The 2008 NAAQS will remain in place and the reconsidered draft final rule will be withdrawn. But because the 2008 NAAQS were never fully implemented while EPA reconsidered the standards, EPA must complete the implementation process prior to enforcing the 0.075 ppm standard. To do so, it must issue initial area designations of attainment, nonattainment, and unclassifiable areas across the nation. States must then develop and submit state implementation plans outlining how compliance with the 2008 NAAQS will be achieved.

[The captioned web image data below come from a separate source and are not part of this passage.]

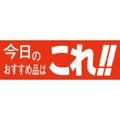 SLラベル 今日のおすすめはこれ！！/500枚×10冊入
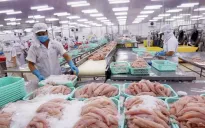 Kim ngạch xuất khẩu nông lâm thủy sản vượt 45 tỷ USD sau 8 tháng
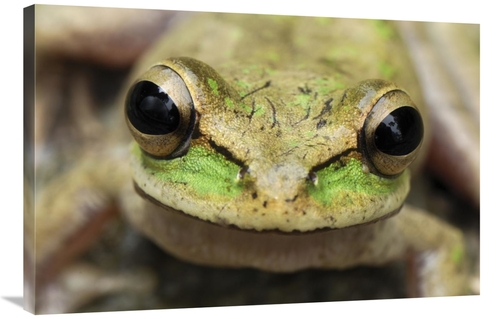 Global Gallery GCS-397643-2436-142 24 x 36 in. Tarraco Treefrog Portra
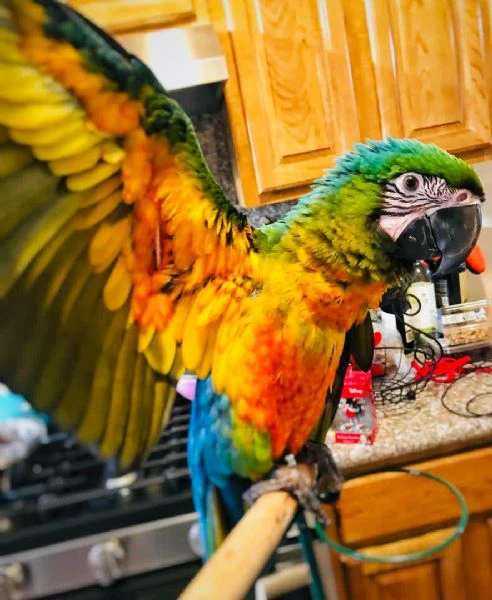 playful macaw bird is available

In a recent hearing on September 22, 2011 EPA Administrator Lisa Jackson informed the House Energy & Commerce's oversight panel that EPA plans to implement the 2008 NAAQS. That same day, EPA issued a memorandum to its Air Division Directors outlining its plan to expedite the implementation process. States already submitted their suggested designations to EPA in 2009. According to EPA, the existing 2008-2010 ozone air quality data indicate that 52 areas will exceed the 2008 NAAQS of 0.075 ppm, although the majority of those areas will be considered marginal and expected to achieve attainment within three years. EPA plans to respond to states' designations this fall, finalize initial designations in 2012, and expedite a rulemaking outlining the implementation requirements for the 2008 NAAQS in the "very near future." Meanwhile, the new ozone primary and secondary standards are expected in 2014, in response to a scientific review already underway. But the ongoing Ozone NAAQS litigation may result in a consent agreement to expedite these new NAAQS.